Material provided: Begin

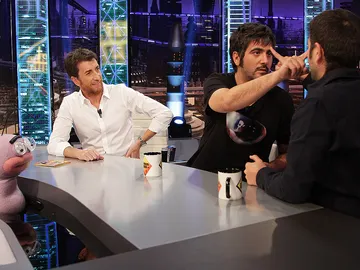 Estopa en El Hormiguero 3.0 Estopa en El Hormiguero 3.0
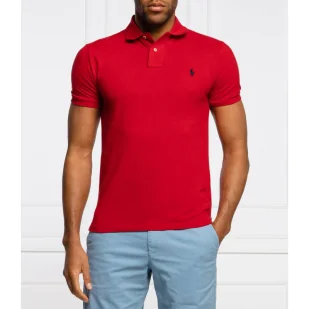 POLO RALPH LAUREN Polo | Slim Fit - Koszule męskie - miniaturka - grafika 1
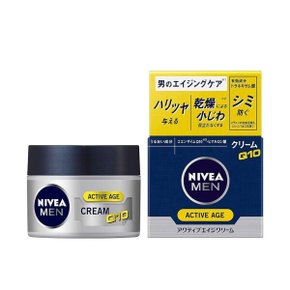 맨즈 액티브 에이징 크림 50g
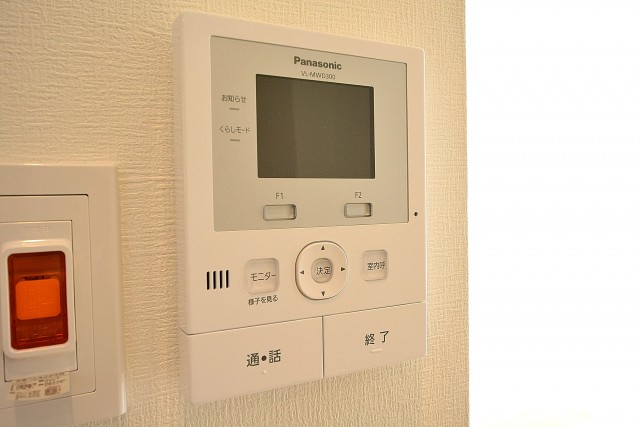 秀和南大井レジデンス　ＴＶモニター付インターホン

Material provided: End

(Your goal) Write out the whole listing again, exactly, with no pictures.

(Solution to this problem)
 Estopa en El Hormiguero 3.0 Estopa en El Hormiguero 3.0
 POLO RALPH LAUREN Polo | Slim Fit - Koszule męskie - miniaturka - grafika 1
 맨즈 액티브 에이징 크림 50g
 秀和南大井レジデンス　ＴＶモニター付インターホン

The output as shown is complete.